AIM OF THE TASK: An exact reprint of the listing is required, with no pictures included.

━━━━━ SUPPLIED DATA ━━━━━

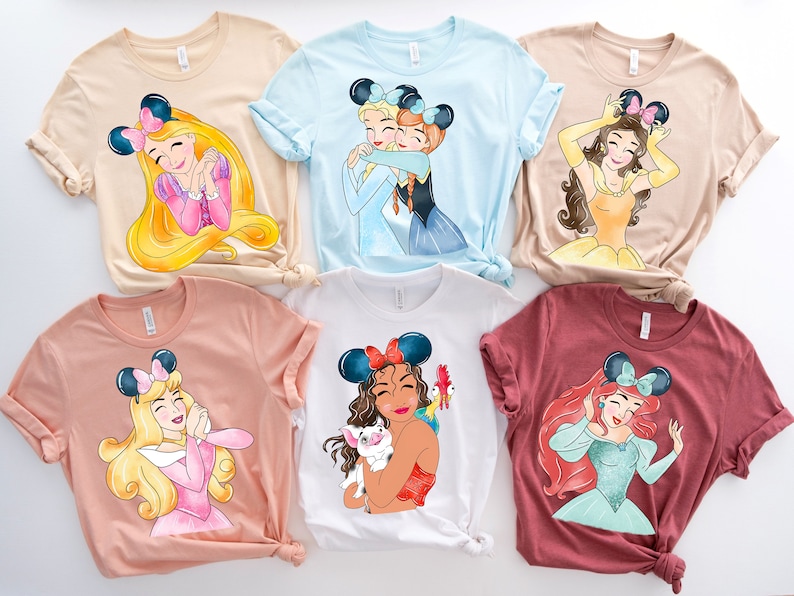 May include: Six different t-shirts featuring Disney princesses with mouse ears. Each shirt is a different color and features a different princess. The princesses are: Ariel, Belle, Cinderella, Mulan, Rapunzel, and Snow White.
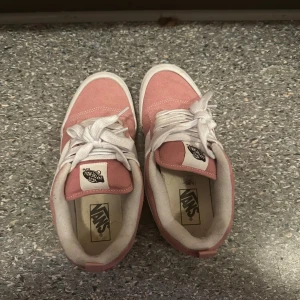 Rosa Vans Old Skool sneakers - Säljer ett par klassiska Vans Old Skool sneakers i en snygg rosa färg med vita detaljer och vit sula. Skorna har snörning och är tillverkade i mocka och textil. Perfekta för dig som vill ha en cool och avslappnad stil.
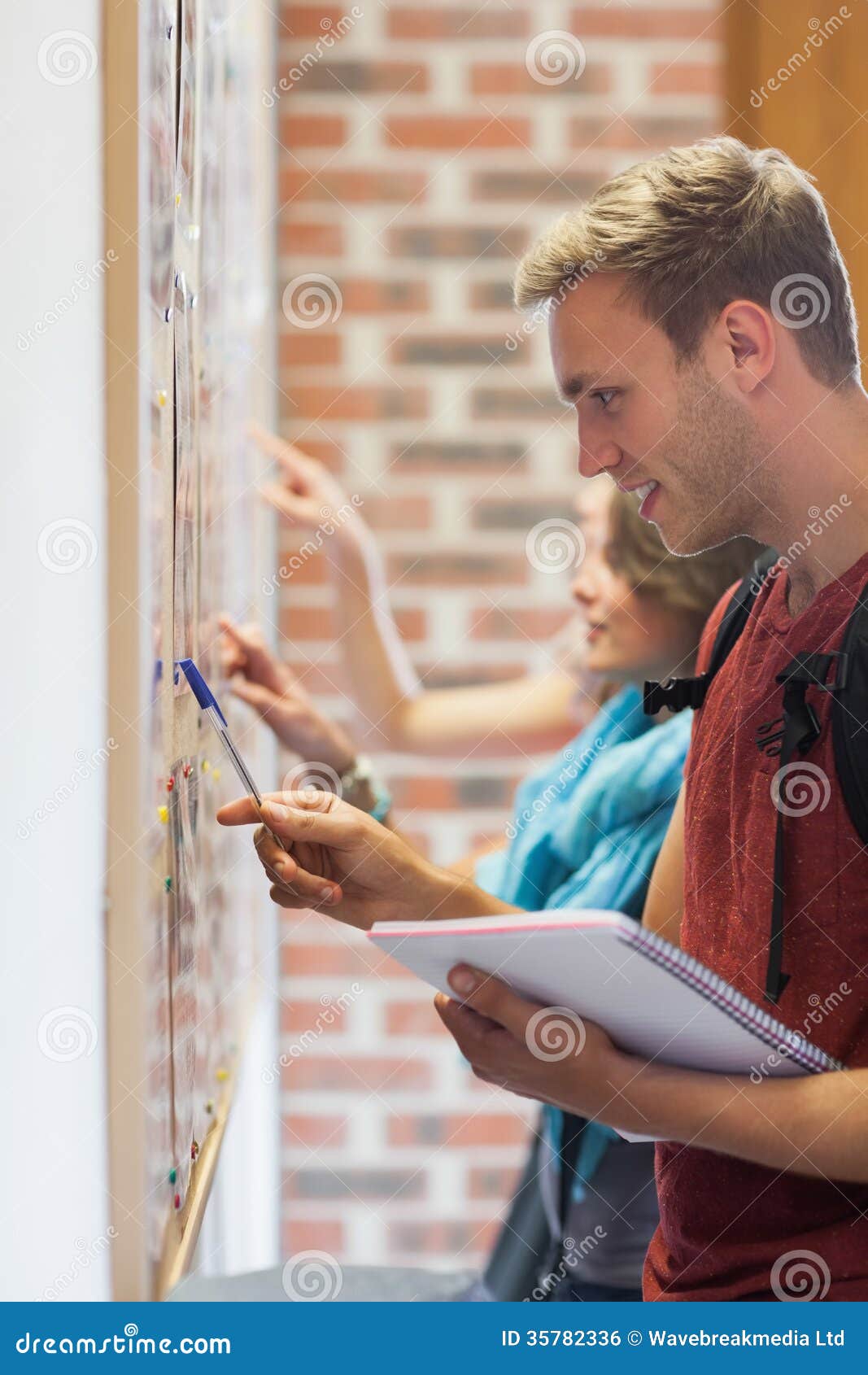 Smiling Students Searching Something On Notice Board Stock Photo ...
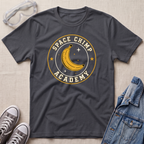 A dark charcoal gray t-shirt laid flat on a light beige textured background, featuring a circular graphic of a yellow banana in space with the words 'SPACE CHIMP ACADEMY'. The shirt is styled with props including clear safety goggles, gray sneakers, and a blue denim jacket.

━━━━━

EXERCISE ANSWER:
 May include: Six different t-shirts featuring Disney princesses with mouse ears. Each shirt is a different color and features a different princess. The princesses are: Ariel, Belle, Cinderella, Mulan, Rapunzel, and Snow White.
 Rosa Vans Old Skool sneakers - Säljer ett par klassiska Vans Old Skool sneakers i en snygg rosa färg med vita detaljer och vit sula. Skorna har snörning och är tillverkade i mocka och textil. Perfekta för dig som vill ha en cool och avslappnad stil.
 Smiling Students Searching Something On Notice Board Stock Photo ...
 A dark charcoal gray t-shirt laid flat on a light beige textured background, featuring a circular graphic of a yellow banana in space with the words 'SPACE CHIMP ACADEMY'. The shirt is styled with props including clear safety goggles, gray sneakers, and a blue denim jacket.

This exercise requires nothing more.